That is a thing that I'm kinda proud of, but no 1 has used yet.
[00:31:37] Unknown:
And you mentioned the example of somebody who used the plug in interface for being able to help with their work on writing a particular paper. I'm wondering what are some of the other interesting or innovative or unexpected ways that you've seen VizTracer used?
[00:31:52] Unknown:
I actually developed a lot of features for VizTracer that no 1 is using. I often just thinking, oh, it's nice that if VizTracer has this feature and I develop it and I test it, and no 1 used that ever. So people normally just want the basic, features. And if your user base is not large enough, then no 1 is using the advanced features. But I've developed the attach feature for Vistracer. So, basically, you can run your program with Vistracer installed, and Vistracer will not trace anything until your process is attached by another Vistraser command. When I developed it, I was like, okay. This is a super cool feature that you can attach to a process and do all the collections, but no 1 used that.
Until a couple of months later, I realized that Microsoft is using it in their Python app service. So it's kinda official debugging tool from Microsoft that use this phraser to attach to a Python app service process and then download logs. That is the first instance that that I found to use the attach feature. That's definitely very cool. Yeah. I was inspired by that, actually. So after that, I improved the attach part. So, originally, you have to install the Vistracer in your original process to enable Vistracer logging. And after that, I tried another process to inject code using GDB so that you do not need to install Vistracer in your original process at all. You can run your original process as it is, and you can attach this tracer to that and dump logs to see what happened after you would attach this tracer. And you can detach just like nothing ever happened.
[00:33:51] Unknown:
That's definitely interesting capability. And in terms of your own experience of building VizTracer and maintaining it and using it for your own work and supporting people who are using the open source project, what are some of the most interesting or unexpected or challenging lessons you've learned in the process?
[00:34:07] Unknown:
Developing an open source project is much more than programming. That is my experience when I'm working on a open source project. I wrote a lot of code before. I have a lot of reports for repositories. I have developing projects, but not like this. Open source project is not only about the project itself. It's not only about technology, especially as a individual developer. Like, no 1 knows who you are, and no 1 knows what you've been doing. So that you have to make a good readme file. You have to do your documentation, and you have to build a super easy to use interface because every step a user had to go through to run your project, you probably lose 10% of users.
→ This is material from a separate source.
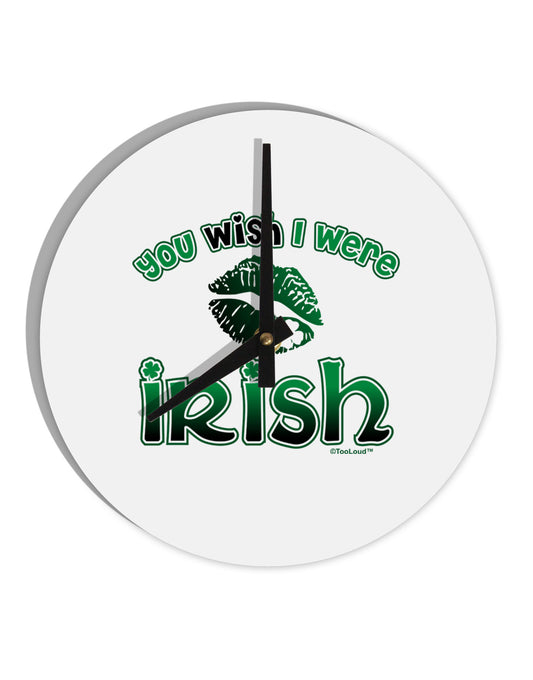 You Wish I Were Irish 10 InchRound Wall Clock-Wall Clock-TooLoud-White-Davson Sales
And the most difficult thing is to tell people that, hey. I've got a really cool project here. Wanna try it? That is the part that I've never experienced before as a programmer, as a, like, software developer. And I had to do this, like, as a complete newbie to, you know, do forums, like all the other forums on the Internet. And, I had to send out emails and build up a Twitter account and, you know, to submit some articles to some big websites and even answer questions in Stack Overflow. I think that is the most interesting and important lesson I had while I was developing an open source project, that it is more than the project itself.
[00:35:55] Unknown:
Absolutely. And so for people who are looking to be able to debug their program or understand the execution flow and learn more about it? What are the cases where VisTracer is the wrong choice?
[00:36:08] Unknown:
If you are debugging or profiling a program that had to be run for a really long time, say, hours, then Vistraiser is definitely a bad choice. That is for sure. If you only care about which function took the most time during this run, this tracer is probably not the best choice. It is an acceptable choice, but you probably have better choice for that. This tracer is probably be a fantastic choice if you try to debug or profile a multiprocess or multithread program. That is 1 of the strengths of this phraser. And another thing that I want to mention is that sometimes people think that they need to run a program really long to understand what is slow.
Because they are say, if they are using a sampling profiler and the sample rate is at millisecond level, and their code probably just runs 1 millisecond. So they have to repeat that, do a for loop or a while loop, and repeat that for a thousand times and using a profiler to see what is slow. But with this tracer, that's not the case. You can just run your program once because it has a nanosecond level granularity, and it can basically show you what happens and you can see, okay, which function is slow. So that is probably a good case to use Phrasephraser, that your program actually runs really slow and that your program actually runs really fast.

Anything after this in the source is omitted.